Perché, in fondo, Patriarcato di Mosca e governo sono legati a doppio filo. Lo stesso Vladimir Putin, uno dei 2 milioni soldati dell’Armata Rossa rimandati a casa con la fine della Guerra Fredda, ha trovato conforto nella religione, si è trovato un padre spirituale, ha avviato un percorso di conversione. Il Patriarca Kirill ha seguito questo percorso di conversione, conosceva Putin dai tempi del Kgb, e si è mostrato a fianco a lui in più di una circostanza. Non è un segreto che il patriarcato ortodosso funga un po’ da “ministero degli Esteri ombra” di Putin.

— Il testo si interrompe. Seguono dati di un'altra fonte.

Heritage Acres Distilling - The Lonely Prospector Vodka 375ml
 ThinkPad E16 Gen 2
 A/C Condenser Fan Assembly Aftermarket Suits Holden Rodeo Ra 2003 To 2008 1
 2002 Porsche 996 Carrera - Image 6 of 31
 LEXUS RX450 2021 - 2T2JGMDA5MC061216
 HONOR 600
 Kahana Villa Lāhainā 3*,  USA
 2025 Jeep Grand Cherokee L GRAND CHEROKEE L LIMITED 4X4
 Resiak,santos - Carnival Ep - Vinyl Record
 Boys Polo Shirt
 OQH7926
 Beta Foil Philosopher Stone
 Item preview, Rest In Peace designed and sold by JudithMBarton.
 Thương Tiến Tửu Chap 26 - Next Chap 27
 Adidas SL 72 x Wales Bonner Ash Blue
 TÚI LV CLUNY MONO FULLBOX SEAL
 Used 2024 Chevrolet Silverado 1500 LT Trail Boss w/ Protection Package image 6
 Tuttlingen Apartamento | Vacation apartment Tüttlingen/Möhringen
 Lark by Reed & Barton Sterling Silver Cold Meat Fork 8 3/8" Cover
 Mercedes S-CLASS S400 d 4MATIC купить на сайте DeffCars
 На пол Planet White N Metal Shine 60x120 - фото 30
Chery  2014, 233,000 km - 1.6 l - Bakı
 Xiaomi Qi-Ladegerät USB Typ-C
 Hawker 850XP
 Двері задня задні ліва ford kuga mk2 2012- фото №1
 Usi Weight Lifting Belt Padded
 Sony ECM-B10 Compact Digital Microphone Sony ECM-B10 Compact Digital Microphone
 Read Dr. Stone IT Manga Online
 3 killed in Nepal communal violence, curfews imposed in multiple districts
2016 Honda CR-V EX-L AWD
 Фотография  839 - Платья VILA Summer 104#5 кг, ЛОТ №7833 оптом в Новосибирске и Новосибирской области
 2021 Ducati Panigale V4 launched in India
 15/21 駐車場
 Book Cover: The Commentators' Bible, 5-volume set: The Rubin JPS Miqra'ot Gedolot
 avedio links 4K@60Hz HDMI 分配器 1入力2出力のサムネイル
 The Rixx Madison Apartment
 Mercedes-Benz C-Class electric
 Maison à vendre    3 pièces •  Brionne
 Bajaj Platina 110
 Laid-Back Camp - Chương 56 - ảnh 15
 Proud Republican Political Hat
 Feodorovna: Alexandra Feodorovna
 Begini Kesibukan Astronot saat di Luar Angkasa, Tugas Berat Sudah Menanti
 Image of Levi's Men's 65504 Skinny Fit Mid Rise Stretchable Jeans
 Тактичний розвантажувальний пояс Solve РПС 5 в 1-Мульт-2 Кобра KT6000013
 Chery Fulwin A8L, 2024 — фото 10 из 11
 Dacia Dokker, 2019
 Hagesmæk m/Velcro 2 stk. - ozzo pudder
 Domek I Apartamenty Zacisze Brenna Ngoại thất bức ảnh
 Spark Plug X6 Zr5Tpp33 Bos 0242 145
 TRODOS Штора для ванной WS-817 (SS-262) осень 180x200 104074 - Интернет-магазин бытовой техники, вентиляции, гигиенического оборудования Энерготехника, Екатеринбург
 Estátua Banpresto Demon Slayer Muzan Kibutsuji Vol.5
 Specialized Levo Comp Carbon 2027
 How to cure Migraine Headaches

Il quale ha sicuramente dato la luce verde all’incontro. Che tra l’altro avviene a Cuba, una delle ultime roccaforti comuniste, dove gli ortodossi tradizionalmente hanno avuto più influenza dei cattolici (che pure sono maggiori in numero) proprio per la vicinanza con l’Unione Sovietica.
Secondo alcuni osservatori, Kirill starebbe cercando di staccarsi dall’ombra di Putin, per diventare un leader globale riconosciuto e senza alcuna connotazione politico-territoriale. Per questo motivo, Kirill non avrebbe partecipato alla riunione in cui Putin annunciò a tutti, anche ai rappresentanti religiosi, che “la Crimea è nostra”: per mostrare un disaccordo con la politica espansionista di Putin.
Ma è anche vero che, con l’incontro, Kirill non fa un favore solo a se stesso, ma anche all’amministrazione russa, dando slancio all’intenzione di Putin di farsi promuovere come “difensore dei cristiani del Medioriente”.